What follows is a set of records; restate each one word for word and drop the pictures.
[The data — start]
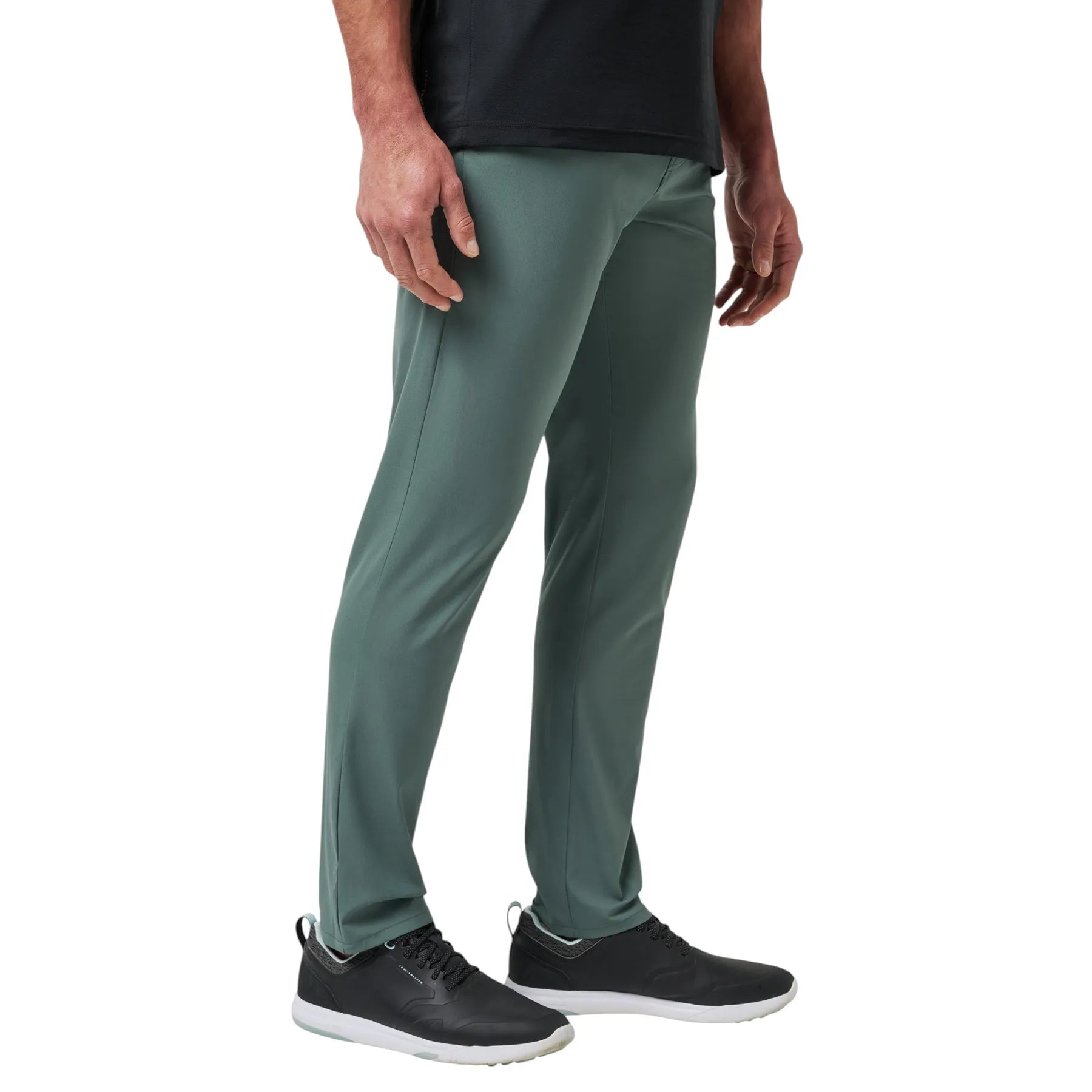 Travis Mathew Wanderlust Golf Pant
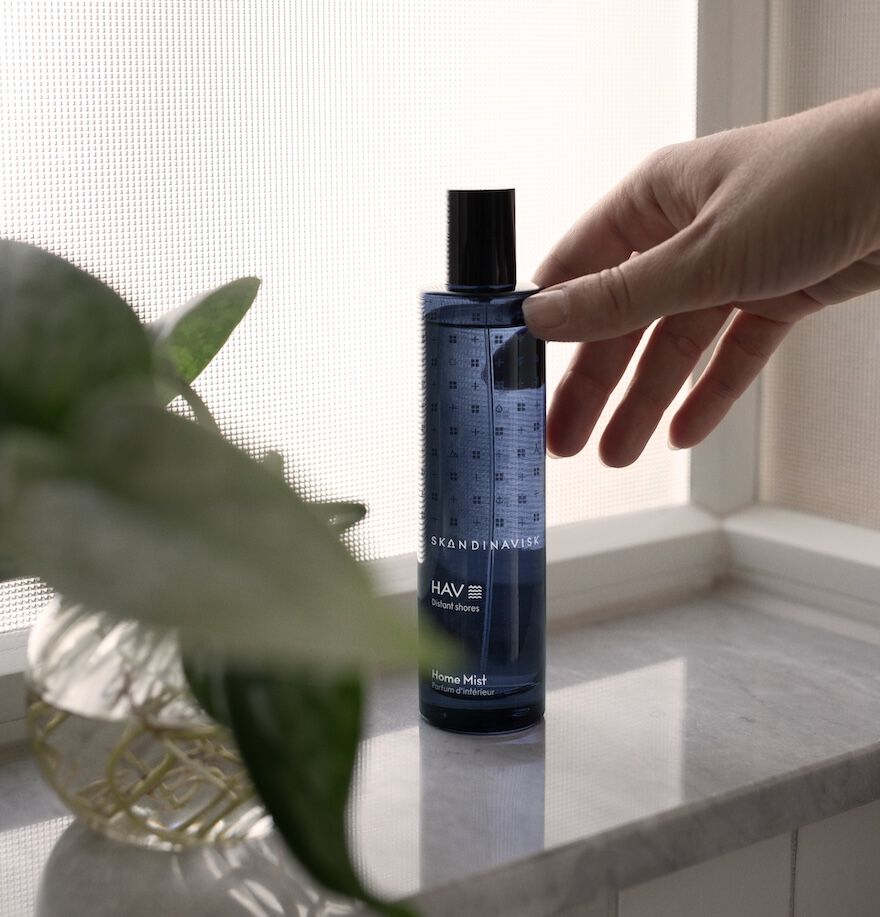 HAV Home Mist - photo 2 | Skandinavisk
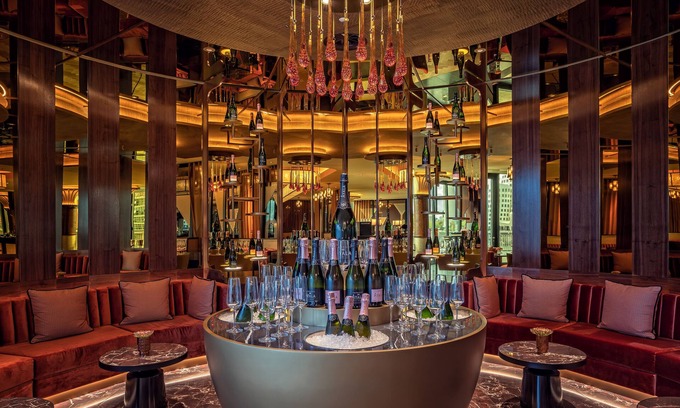 Hafen Hotel | Hyatt Regency Düsseldorf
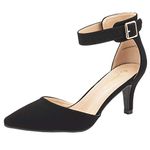 Rampage Heels For Women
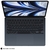 MacBook Air M2 13.6" 8GB Ram SSD 1TB - comprar online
[The data — finish]
▶ _Finished exercise_:
 Travis Mathew Wanderlust Golf Pant
 HAV Home Mist - photo 2 | Skandinavisk
 Hafen Hotel | Hyatt Regency Düsseldorf
 Rampage Heels For Women
 MacBook Air M2 13.6" 8GB Ram SSD 1TB - comprar online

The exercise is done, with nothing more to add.